SPEAKER_01:Yeah, I've I've um I've never really used the new year. I I'm excited to use it this year, but I've never really made resolutions or thought about making changes on that day specifically. So we're gonna delve into some meditations and methods of change and looking at ourselves. And I'm excited about that. I'm excited about starting something new and looking into the new year in instead of waiting for things to happen, sort of being the more of a creator. Because when you wait for things to happen, you just have to sort of go along with it. It's like uh I like the idea of a uh of a chat board and you're the pawn being moved around and instead become the the person moving the pawn. So I'm excited for that. And I think this year, I mean we our our house goes on the market today. And yeah, it's it's exciting, it's scary, it's I'm starting to feel like I'm having to tie some uh a bunch of things up here in Ontario. And as much as oh what what comes to me is as much as we want to be the creator, there is an an awful lot of letting go as well. There's like a balance between what putting what we want out into the universe and then and then going with the flow, not trying to control it so much. The ego wants to control, I'm sure.
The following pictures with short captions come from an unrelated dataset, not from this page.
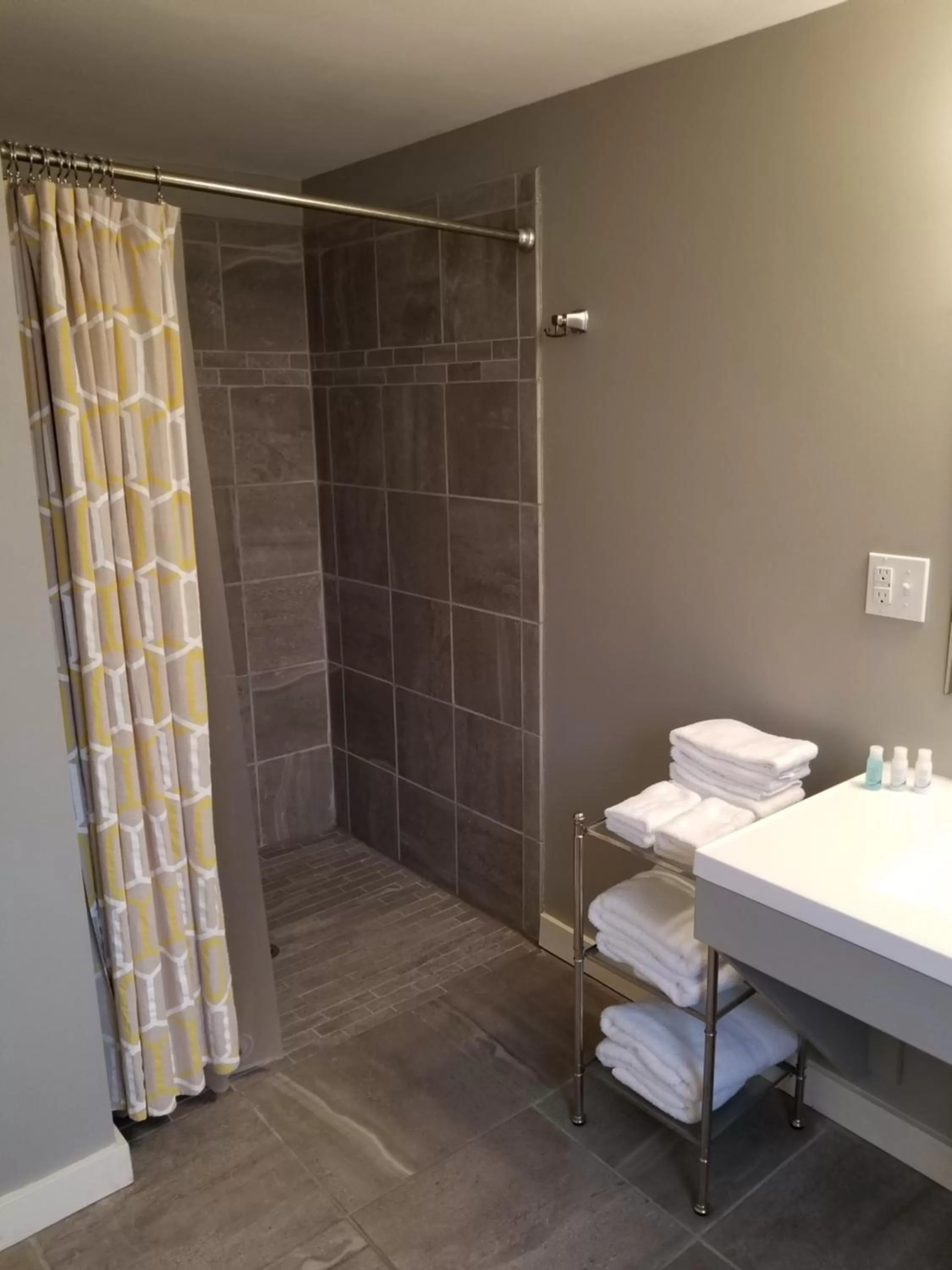 China Creek Cottages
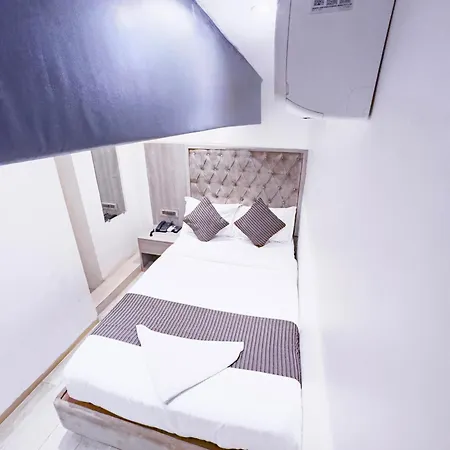 Winton Hotel Mumbai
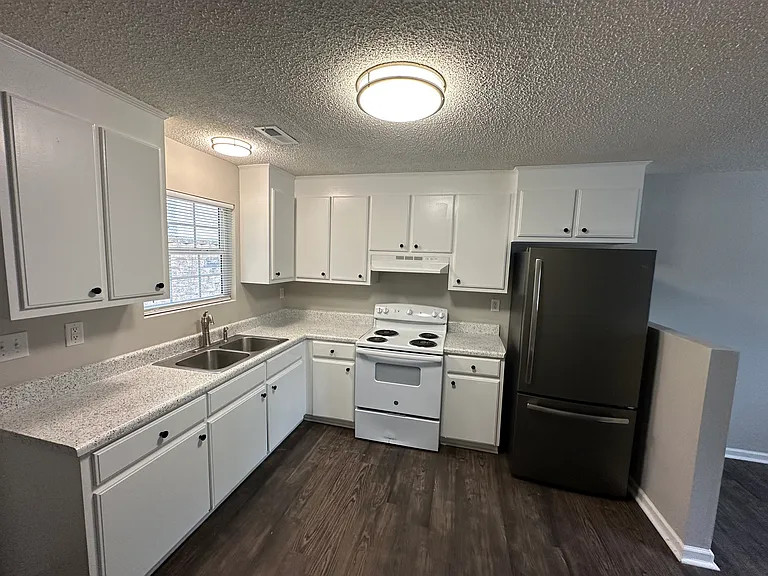 208 Sunnyside Dr — Photo 4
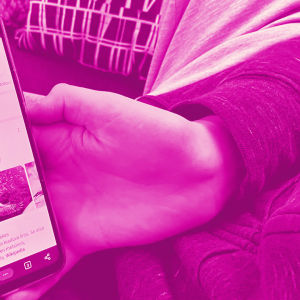 Tekstit: Google-hakuvinkit, Digitreenit, yle.fi/oppiminen. Kuvassa Googlen haku auki tietokoneella.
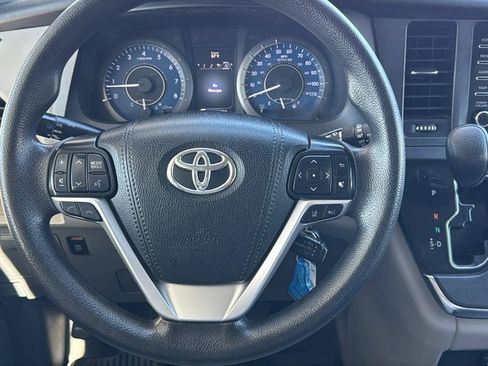 Used 2019 Toyota Sienna LE w/ Carpet Mat Package FWD image 10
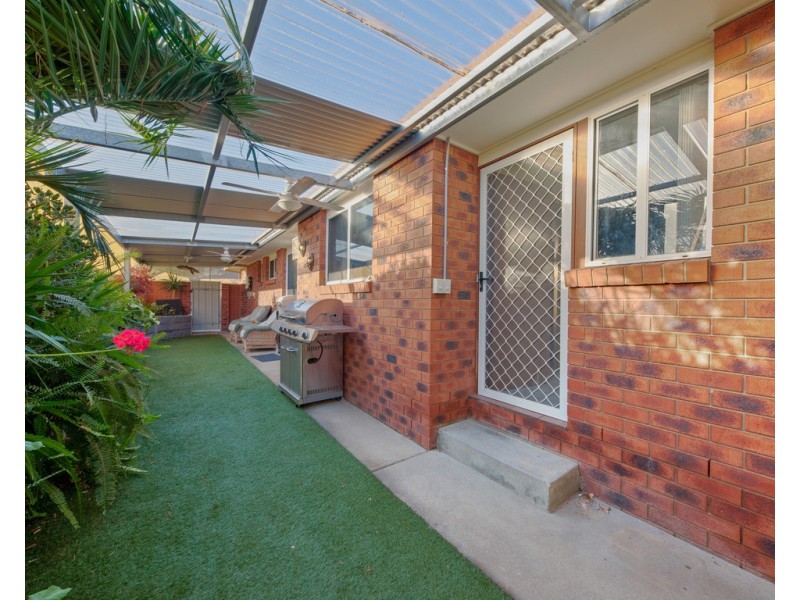 1/6 Amalfi Drive, Lavington NSW 2641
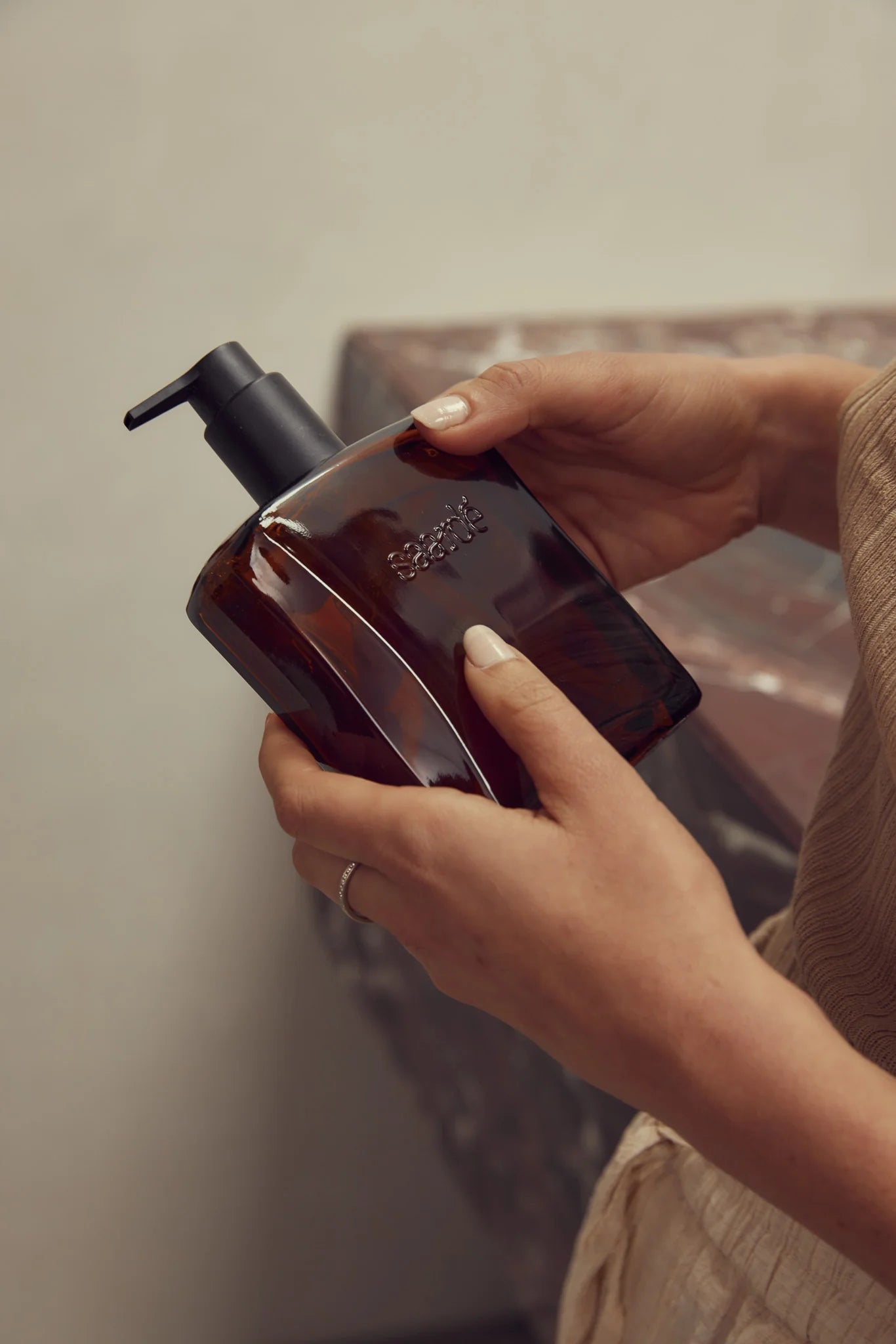 Saarde Hand and Body Wash Saint-Raphaël Amber 300ml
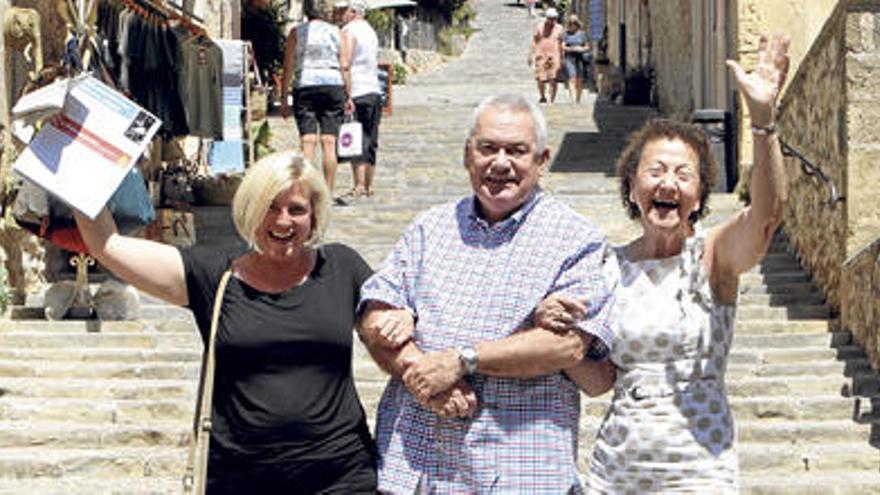 Susan Mackay, Howard Mullen und Joanna Greenfield (v. re.) leben in Pollença.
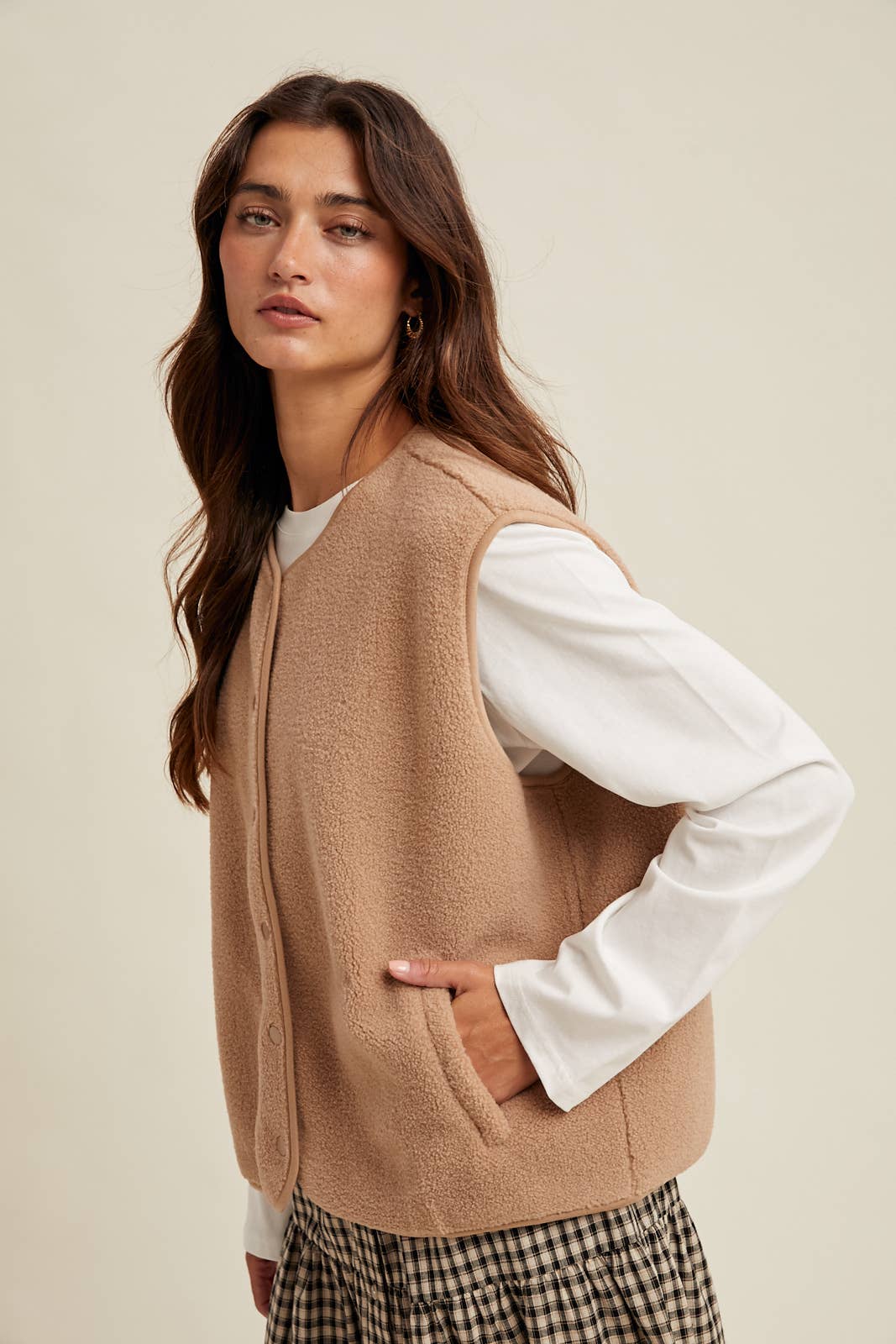 Wishlist Apparel - Wholesale Outerwear Vest - Women's - SHERPA VEST / WL25-106256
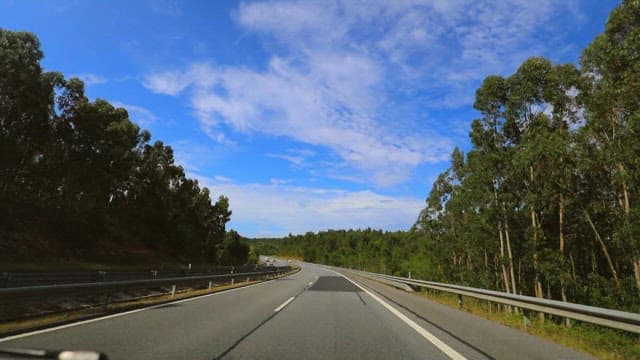 햇볕이 내리쬐는 날, 한적한 도로 드라이브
SPEAKER_00:Well, uh again, I we we talked about it for the last two days. I think you know what interferes with our desire to move into something new is that it may conflict with what we've already decided is our identity. And that we have beliefs about who and what we are, yeah, and what we are and aren't capable of, what's possible for me, what's possible for people like me, the stuff that we inherit from you know uh loving, fearful parents.
SPEAKER_02:Yeah.
SPEAKER_00:You know, oh, so you're the one who thinks you can go to university. I remember being told that by a relative when I was young. Oh, so you think you can do university do? Yeah. And it was funny, you know. That said, as always, it said so much more about them than it did about me. I just saw it as showing up. Let's go, right? They saw it as something enormous to attain, and that it was only for special people with special abilities and special backgrounds.
SPEAKER_02:Wow.
SPEAKER_00:Right. And so it's, you know, what are the beliefs that that interfere, you know, our identity as much as it is a beautiful construction sometimes? This is who I am, this is what I'm good at, this is what I've chosen to be, I'm the guy who does this, I'm the guy who has these skills, I'm I'm this guy, it's also can quickly and easily become a cage.
SPEAKER_01:Yeah.
SPEAKER_00:And when I allow my ego to come forward, that part of me that compares myself with others and is convinced all alone, and it's all up to me, and it's me against the world, right? There's a whole other set of beliefs that are really inhibiting and stop anything new. But all of these things are just constructions, they've just become an idea that seems insurmountable simply because we practiced thinking it for so long and committed ourselves to thinking it and living the personification of it for so long. And they're just thought forms, is why we say all the time I mean, you can't change anything until you change the way you think. You can't change your life till you change the way you think about it. You can't change who you are until you think about the limits you've placed on yourself. And that's why I like thinking about this stuff, because I I like to remind myself that it isn't real anywhere except in my mind. I mean, when you think about it, I I can have my own identity, but there's probably not a single human being in my life who sees me the way I see myself.
SPEAKER_01:No.
unknown:Right.
SPEAKER_00:And that's true for everybody.
unknown:Right.
SPEAKER_00:They all have their version of what they think of me, and they're certainly going to be resistant to me if I decide, hey, I'm gonna change up who I am. I mean, I go and I dye my hair and I grow a mustache and I change my style of clothing and I change the music I listen to, and I change my car and I change my job, and they're all gonna be like, what the heck is going on? And they're going to resist, just like my my view of my identity is going to resist those changes.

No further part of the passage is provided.